A nation that spans from the Atlantic to the Pacific is bound to have regionally different food traditions. While foods like collard greens, macaroni and cheese, and yams are typically eaten on Thanksgiving across the nation, these are staple foods in the Southern diet. Even if most might not realize it, at the dinner table Southern Americans celebrate the collaborative harvest of Black, Indigenous and European food cultures.
Angela Jill Cooley, an associate professor of history at Minnesota State University and author of “To Live and Dine in Dixie,” said she believed food traditions in the South mixed along economic lines sometime after World War II.
“A lot of foods that people think of as Southern specialties were foods that poor people would have eaten,” Cooley said. “Once their families became more affluent, maybe middle class, it enabled foodways to cross class boundaries.”
Chuck Clark, a senior instructor of history at The University of Alabama, also said that Southern foods crossed racial and economic boundaries in the 20th century but hypothesized that it happened earlier, in the late 1910s to early 1920s.
One example Cooley gave were black-eyed peas, which are thought of today as soul food but were once used as fodder for farm animals. Cooley said traditional foodways originating from Black Americans crossed racial boundaries into white homes very early in American history.
“Black women and men have really been the basis of agricultural and cooking traditions in the South since the period of slavery and through Jim Crow, and so a lot of the foods made in white-owned kitchens were meals prepared by African Americans,” Cooley said.
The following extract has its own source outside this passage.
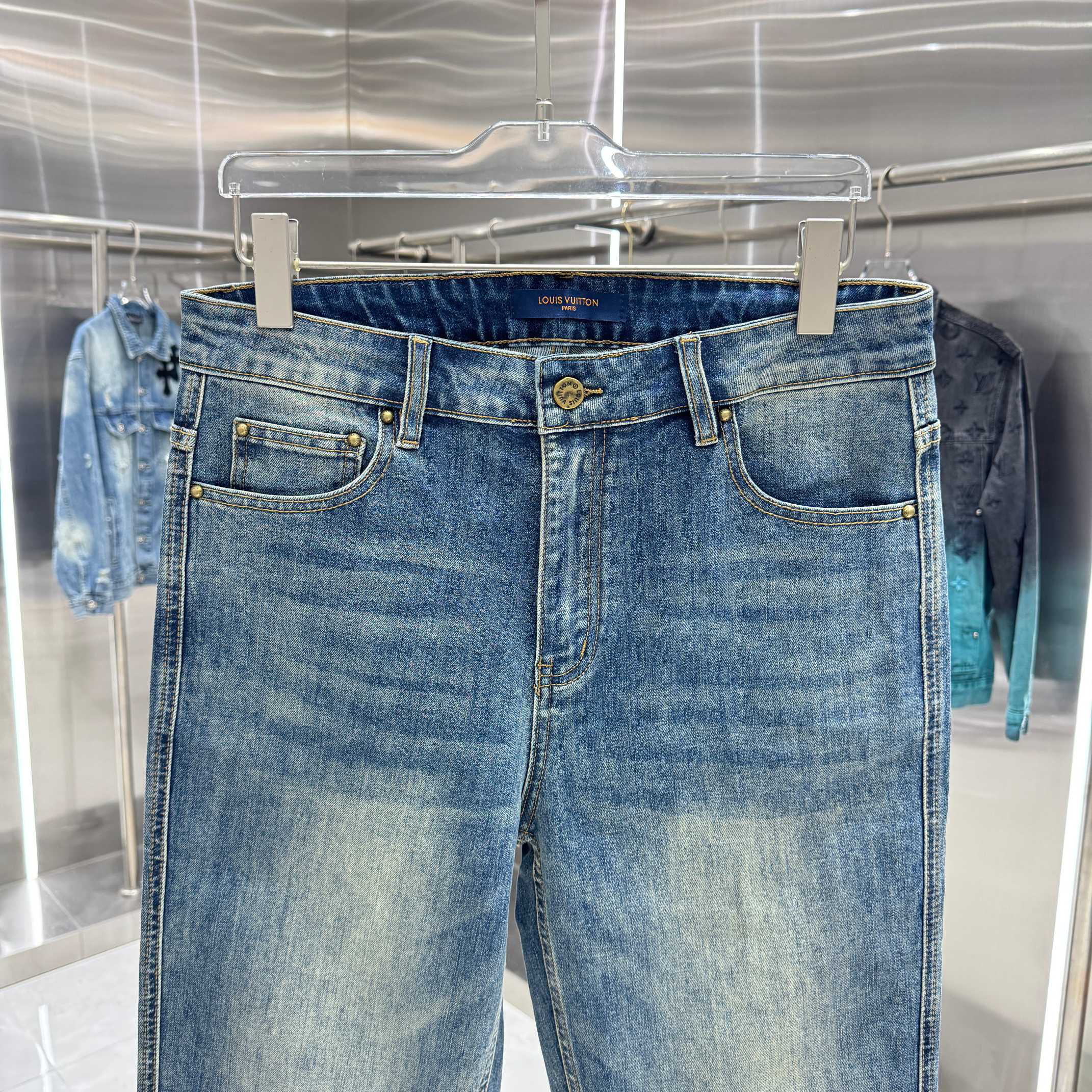 Louis Vuitton Pants in Blue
The introduction to new foods across racial lines functioned as a two-way street. Black Americans influenced the tastes of white Americans, and they often brought home popular European dishes that they had cooked for white families.
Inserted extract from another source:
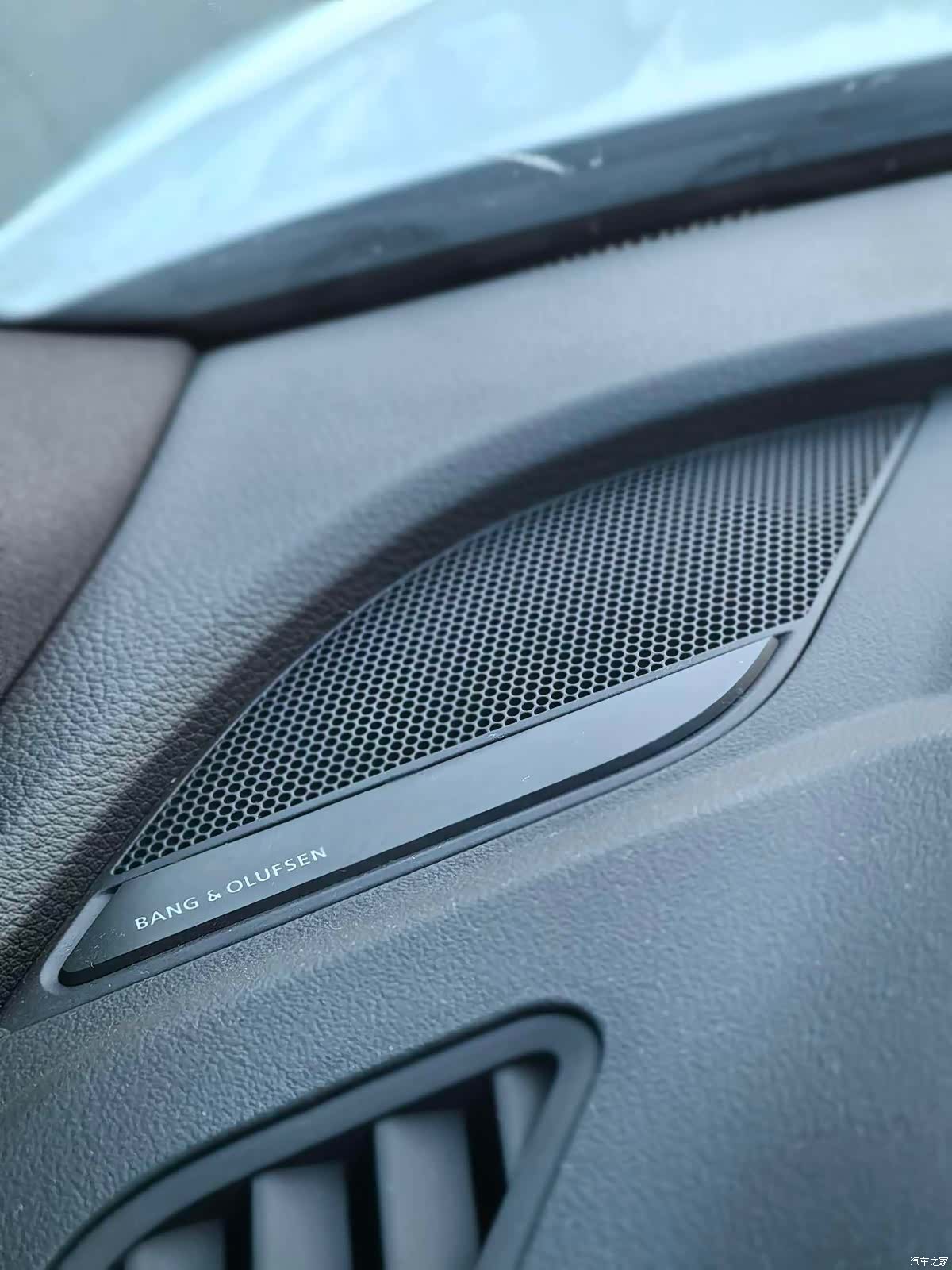 Audi Q5L, 2024 11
“Macaroni and cheese uses Italian pasta put together with a French cheese sauce brought to the United States in the early 19th century,” Clark said. He also said that Thomas Jefferson, who owned slaves, was one of many who popularized macaroni and cheese, making it a staple dish in the American South.
Cooley said that baking recipes for pies and cakes were inspired by European food traditions as well. Cooking techniques used for barbecues were either developed or used by Black Americans.
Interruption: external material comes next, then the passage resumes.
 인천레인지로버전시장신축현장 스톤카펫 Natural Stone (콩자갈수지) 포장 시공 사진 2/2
Many of the foods eaten in Southern homes bring together ingredients indigenous to North America like corn, sweet potatoes and collard greens; cooking techniques from Africans and Europeans; and even spices from Asia Minor, such as paprika, cinnamon and nutmeg.
Together, these foods and cooking traditions collectively help to define the American South beyond geography.
“Thanksgiving foods help to reinforce our sense of identity. It isn’t just having enough to eat, but getting to choose what to eat. As families became wealthier, they craved the foods they grew up with,” Clark said. “That’s when we see the birth of a regionalized, homogenous Southern identity.”